Notre Dame students seek removal of campus' Columbus murals
SOUTH BEND, Ind. (AP) — Some University of Notre Dame students, employees and alumni say 19th century murals of Christopher Columbus should be removed from a campus building because they depict Native Americans and blacks in stereotypical submissive poses before white European explorers.
More than 340 students, employees and alumni signed an open letter against the paintings published in the university’s student newspaper, the Observer. The letter says the paintings in an administrative building are equivalent to a Confederate monument, The South Bend Tribune reported .
“(The paintings offer a) highly problematic vision of Western triumphalism, Catholic militarism and an overly romantic notion of American expansion,” the letter said.

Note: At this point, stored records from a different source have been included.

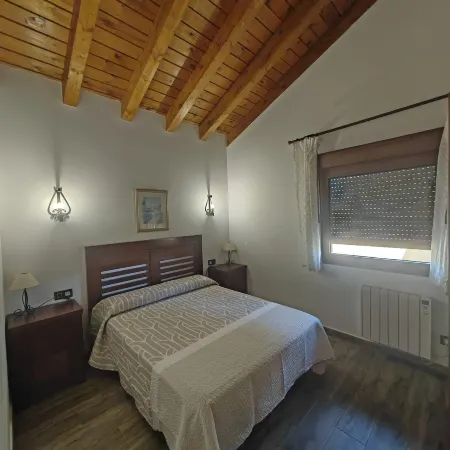 Casas Rurales 4 Valles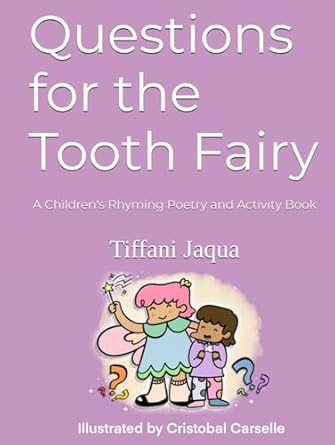 Questions for the Tooth Fairy Book Cover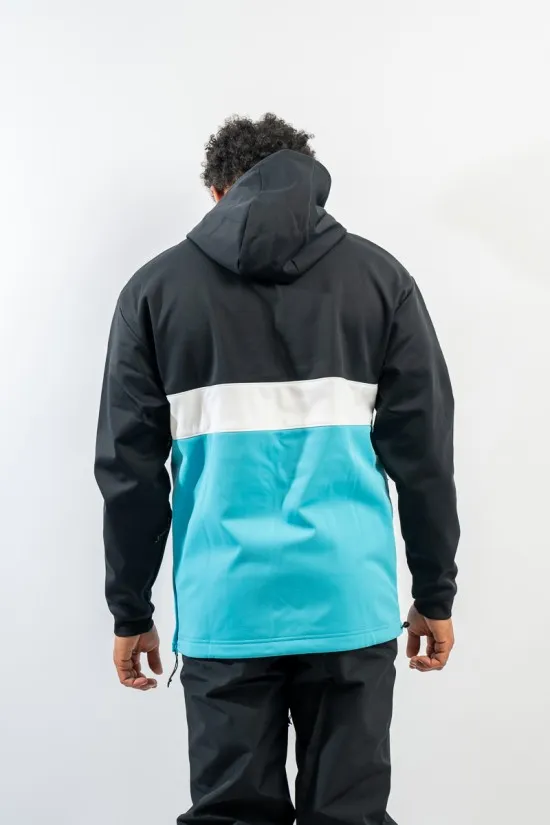 OAKLEY TPN NOSE GRAB SOFTSHELL HOODIE FOA404727 9WT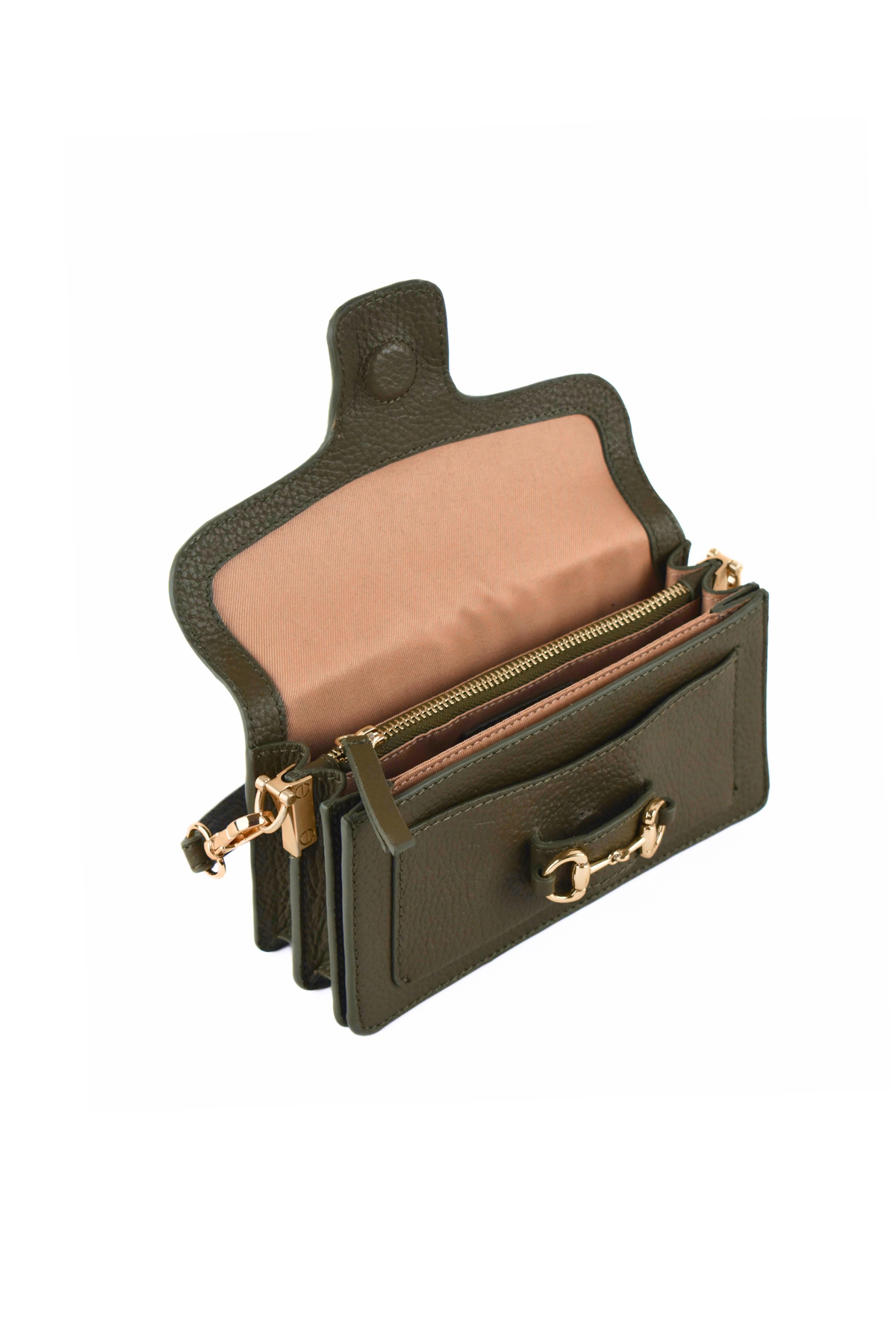 Livia Leather Bag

The 12 paintings by artist Luigi Gregori have been on display in the campus’ Main Building since 1884.
School spokesman Dennis Brown said the paintings have historic and artistic importance and the university has no plans to remove them. He said there are pamphlets available that explain the murals’ historical context.
John Slattery is a post-doctoral teaching fellow at the university. He approached the Native American Student Association with the idea for the open letter calling for the paintings’ removal.
“The little stand with pamphlets is simply not enough,” Slattery said. “The moral leadership of the university stands on the side of looking back clearly at the past.”
A group of Native American students also called for the removal of the paintings in 1995. University leaders decided not to remove the paintings and instead created the pamphlets.